### Activity:
Your task is to retype the lines from the opening of the material through the line that includes "РФ погрожує взимку". Do not copy the pictures.
*** Records for this task ***
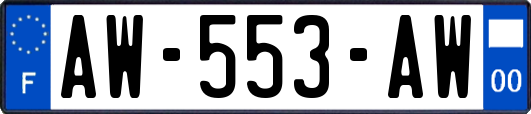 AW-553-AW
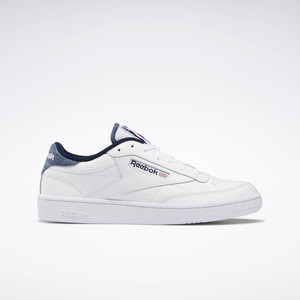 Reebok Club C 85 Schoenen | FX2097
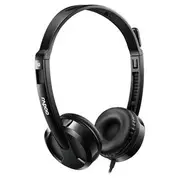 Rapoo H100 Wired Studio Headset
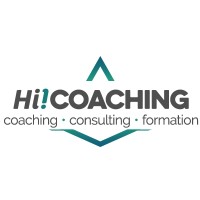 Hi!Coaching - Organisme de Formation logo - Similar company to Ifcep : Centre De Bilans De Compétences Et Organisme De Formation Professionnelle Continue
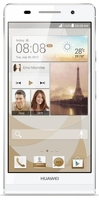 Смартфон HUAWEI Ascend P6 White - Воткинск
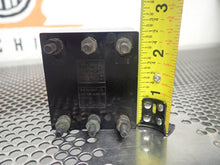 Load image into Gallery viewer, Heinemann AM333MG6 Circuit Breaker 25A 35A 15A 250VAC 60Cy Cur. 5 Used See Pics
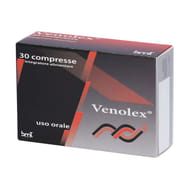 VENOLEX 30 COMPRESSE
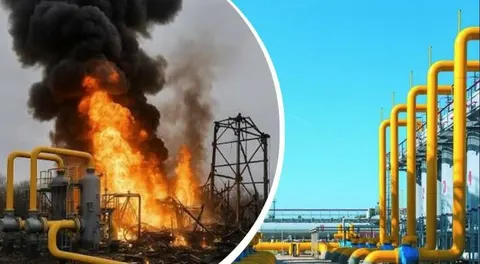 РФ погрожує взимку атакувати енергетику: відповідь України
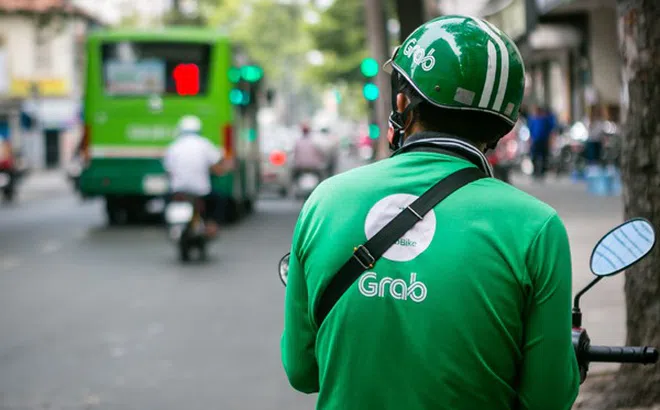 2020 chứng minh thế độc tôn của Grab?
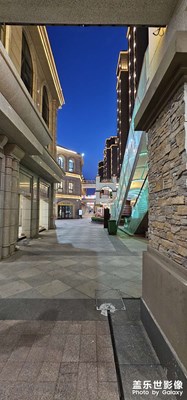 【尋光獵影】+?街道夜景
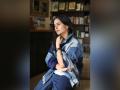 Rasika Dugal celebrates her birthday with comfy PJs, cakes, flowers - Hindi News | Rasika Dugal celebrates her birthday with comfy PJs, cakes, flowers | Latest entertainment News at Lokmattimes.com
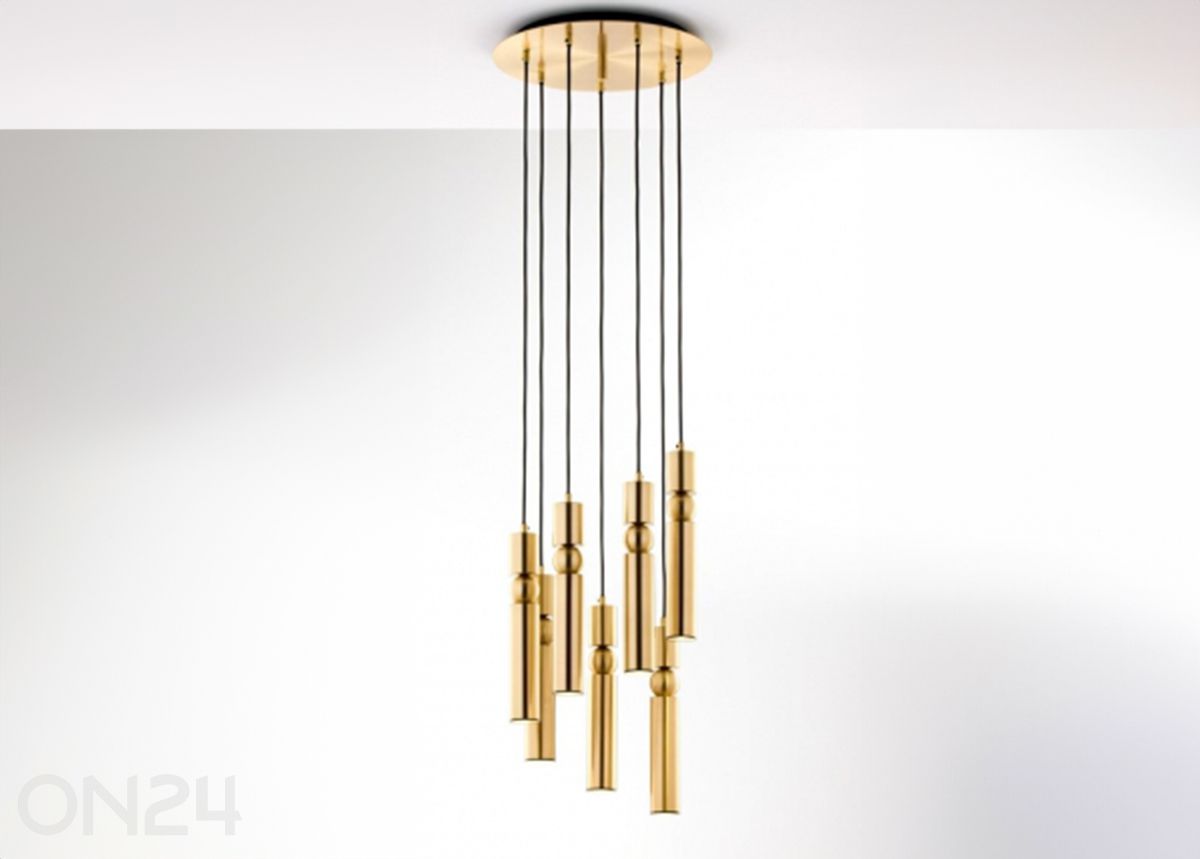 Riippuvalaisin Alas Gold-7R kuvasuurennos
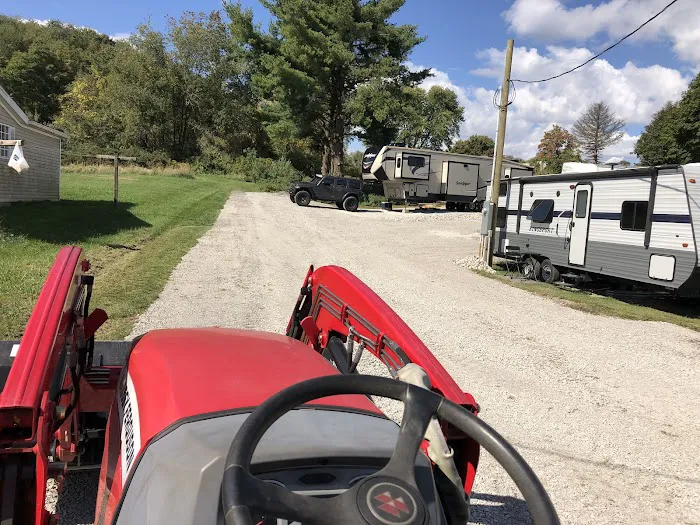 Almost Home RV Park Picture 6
*** End of Records for this task ***
### Reply:
 AW-553-AW
 Reebok Club C 85 Schoenen | FX2097
 Rapoo H100 Wired Studio Headset
 Hi!Coaching - Organisme de Formation logo - Similar company to Ifcep : Centre De Bilans De Compétences Et Organisme De Formation Professionnelle Continue
 Смартфон HUAWEI Ascend P6 White - Воткинск
 Load image into Gallery viewer, Heinemann AM333MG6 Circuit Breaker 25A 35A 15A 250VAC 60Cy Cur. 5 Used See Pics
 VENOLEX 30 COMPRESSE
 РФ погрожує взимку атакувати енергетику: відповідь України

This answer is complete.